Pierre Beaudet
La sévère défaite du Canada au Conseil de sécurité de l’ONU où sa candidature n’a même pas retenu 30 % des voix est indicative de ce qu’est devenu l’état allié-subalterne des États-Unis. La focalisation du débat depuis plusieurs semaines sur l’honteuse politique canadienne envers la Palestine a permis de mobiliser l’opinion internationale. Depuis plus de 10 ans en effet, le Canada s’est totalement aligné sur les États-Unis et sur Israël. Conscient de cela, il y a eu un réalignement très partiel sur des votes à l’Assemblée générale qui étaient pratiquement unanimes, hormis Washington et Tel-Aviv, sur les grossières et constantes violations de droits des Palestiniens. C’était trop peu et trop tard. Par rapport aux annonces récentes où l’extrême droite au pouvoir en Israël a annoncé l’annexion de plus de 30 % des territoires occupés, le Canada s’est dit « préoccupé ». Quelle est la réalité sur le terrain ? Israël viole toutes les lois et conventions, affame Gaza (2 millions d’habitants), détient des milliers de Palestiniens, détruit habitations et infrastructures. Pendant ce temps, Ottawa demeure l’un des rares alliés du projet sioniste en ayant le front, de plus, de condamner la critique contre Israël d’« anti sémite ».
Il fallait être vraiment naïf de penser que tout cela serait mis de côté parce que le gouvernement Trudeau se dit « de retour » sur la scène internationale.

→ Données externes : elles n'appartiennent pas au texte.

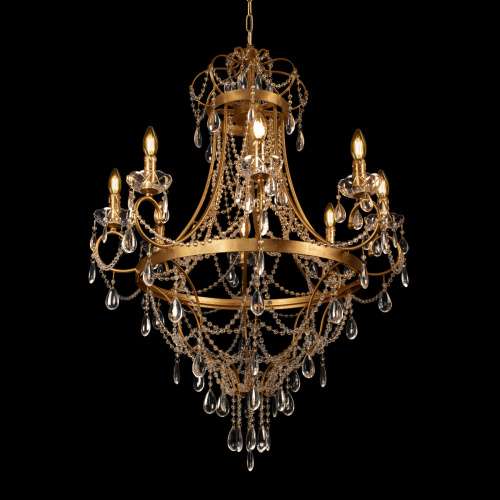 10430/8 Подвесная люстра LOFT IT Foil фото 7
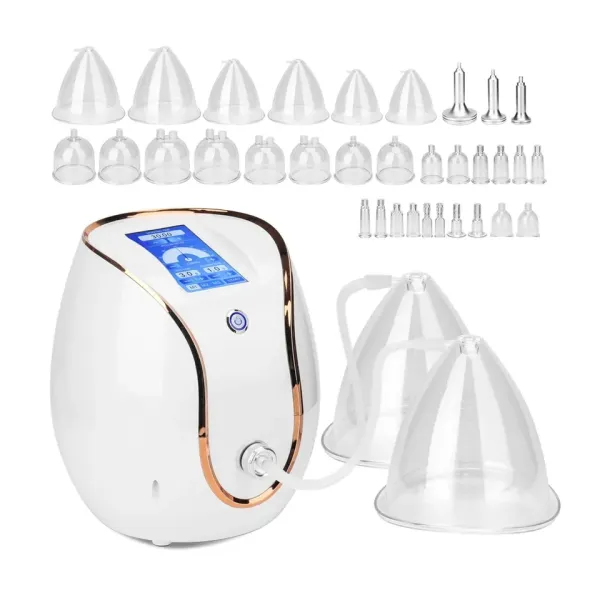 Butt Enhancement Breast Nipple Enhancer Butt Lifting Vacuum Therapy Beauty Machine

En réalité, la question palestinienne est révélatrice de tendances lourdes plus complexes. Sur les crises en Amérique latine, Ottawa s’est rangé avec les coups d’état de droite au Brésil, au Honduras, au Paraguay et en Bolivie, en s’acharnant contre le Venezuela, au nom des « droits » qui sont niés un peu partout dans l’hémisphère. On laisse Haiti croupir sous la coupe d’une voyoucratie sans limite. En Afrique et Asie, la première préoccupations semble la défense des intérêts des minières, plutôt qu’un effort soutenu pour lutter contre la famine et la guerre, ce qui aurait requis une sérieuse refondation du programme d’aide internationale. Encore là, Ottawa ne dit rien sur la dérive fasciste en Inde, le retour des militaires en Égypte, la militarisation en Irak et en Syrie. Au Moyen-Orient dans cette région ravagée par la guerre, le Canada agit comme supplétif des États-Unis, tout en maintenant les liens avec L’Arabie saoudite.
Sur de grands enjeux internationaux comme le défi climatique ou les déplacements forcés de populations, le Canada adopte des positions qui démontrent non seulement un manque de courage, mais pire encore, la continuation de politiques qui continuent de détruire la planète et de fermer les frontières.
Des observateurs qui se disent avisés affirment que tout cela est rendu obligé par l’évolution des États-Unis et de son bouillant président qui ne tolère pas que ses « alliés subalternes » se distinguent de la pax americana. C’est vrai mais c’est une partie de l’explication. Car le problème est structurel, et non conjoncturel. Il n’y a pas 56 000 options. Ou bien le Canada continue (cela a commencé bien avant Trump) de participer à la « guerre sans fin » (qui depuis 20 ans poursuit l’élan impérialiste de la Guerre froide). Ou bien il se démarque et il tente de diversifier sa politique extérieure. L’oligarchie financière canadienne ne veut même pas entendre parler de cette deuxième option et alors on continue. Mais dans notre monde polarisé, avec des résistances de plus en plus vives contre l’Empire déclinant, le Canada n’apparaît plus comme avant sous l’imagerie mythologisée d’un État « libéral », mais comme un vulgaire mercenaire agissant sur tous les plans pour maintenir un statu quo qui devient intenable.
Et c’est ainsi que le Canada n’est plus considéré, à l’ONU comme ailleurs, comme un interlocuteur crédible.
Tous ceux et celles qui ont dit, un peu partout dans le monde y compris ici, que le Canada ne méritait pas ce siège à l’ONU, doivent maintenant savourer une petite victoire, tout en remerciant le peuple palestinien de se tenir debout dans un contexte extrêmement grave et menaçant.